Here are twelve highly rated edtech tools for teachers of special education students:

 

  1. SoundingBoard: This free iPhone/iPad app allows students to build and structure communication boards using AbleNet symbols and customized content. Users can record messages and personalize the app’s interface. It is designed for children on the autism spectrum as well as and persons with various disabilities.

  2. Peek-a-Zoo: This iphone/iPad app is best suited for children in the early stages of development. This edtech game asks children to evaluate the traits, emotions and behaviors of cartoon animal characters. Preschool teachers can leverage the tool for teaching social cues.

  3. Time Timer: Time concepts can be especially challenging for children with special needs. This productivity app helps students better focus on timed tasks, manage transitions and waiting. Available on both iOS and Android,Time Timer displays time as a measurement without the numbers on a traditional clock.
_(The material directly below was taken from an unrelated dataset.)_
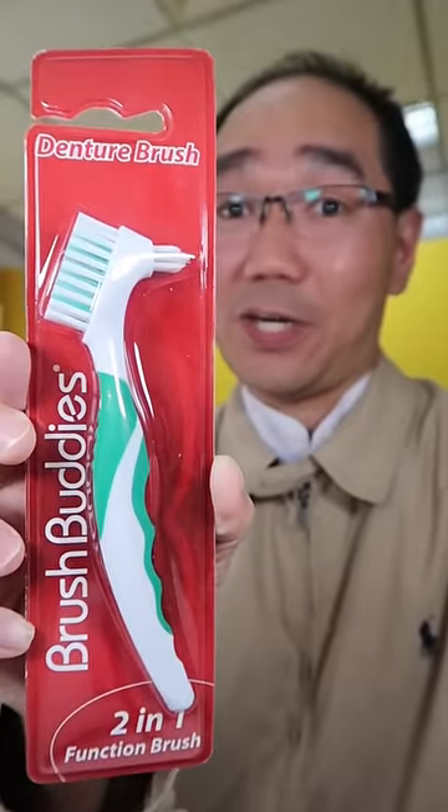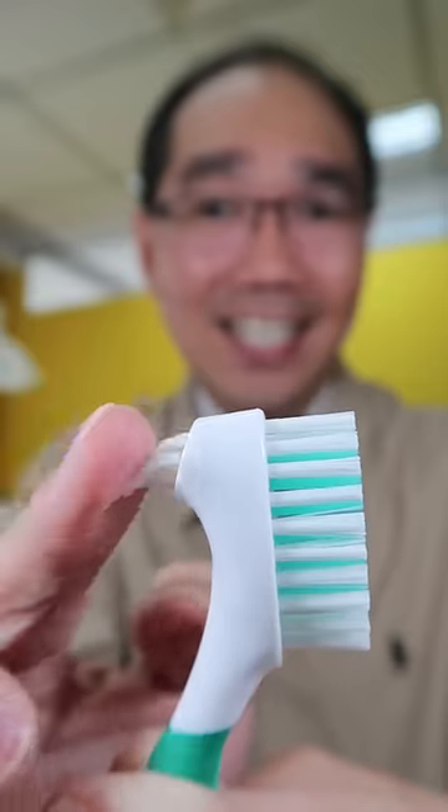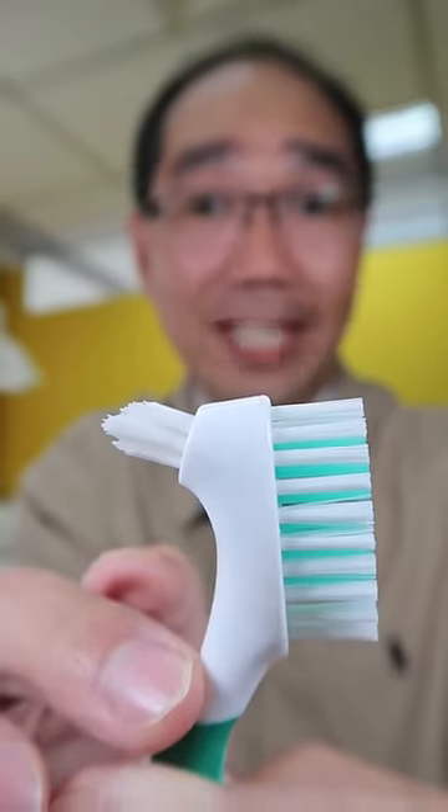Let's find out if this denture brush will clean my teeth well. It has a dual action brush head — a normal brush head to clean all denture surfaces, and an angle brush head to reach hard to clean areas.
  4. ABA – Problem Solving – What does not belong?: This free iPhone/iPad app displays 4 images and requires young children to identify the one item that is different (due to color, name of object, type of object, concept). It is ideal for preschool students.

  5. Model Me Going Places: For children with autism spectrum disorder (ASD), routine errands such as going shopping can be challenging. It is often the case that students with ASD need to take breaks when engaging in activities outside of their routine or comfort level. Use this free iphone/iPad app as a visual learning aid when teaching students with ASD to remain calm at places like the doctor’s office or grocery store. Each location illustrated in the app contains a photo slideshow of children modeling appropriate behavior.

  6. Learn to Speak - I Like Fall:  This free iPad/iPhone app serves as an interactive picture book for students in need of speech therapy. Students can rewrite and record their own stories for the pictures displayed.

  7. Autism Emotion: Special ed teachers can use this app to teach students about different emotions. The music and a photo slideshows presented on the app help children and teenagers with Autism and Asperger Syndrome improve their social skills.

  8. Conversation Therapy Lite: This free professional speech therapy app targets higher-level expressive language, pragmatic, problem-solving and cognitive-communication goals for older children, teens and adults.

  9. Stop, Breathe & Think (Tools for Peace): Promoting mindfulness, meditation, and compassion, this free desktop, Android and iOS app helps middle and high school students better manage their emotions.

  10. Finish: Students who are prone to procrastination can benefit from this free iPhone/iPad app. Compared to an average to-do list, this app is designed to elicit feelings of achievement in users when they finish tasks and organizes completed task in an archive. When tasks are marked as complete, users gain a checkmark, along with a nice rewarding sound.

  11. Aipoly: Using Artificial Intelligence (AI), this free iPad/iPhone app helps the blind, visually impaired, and color blind better understand their surroundings. Students can simply point their phone at objects of interest and use the app’s AI to recognize objects and colors.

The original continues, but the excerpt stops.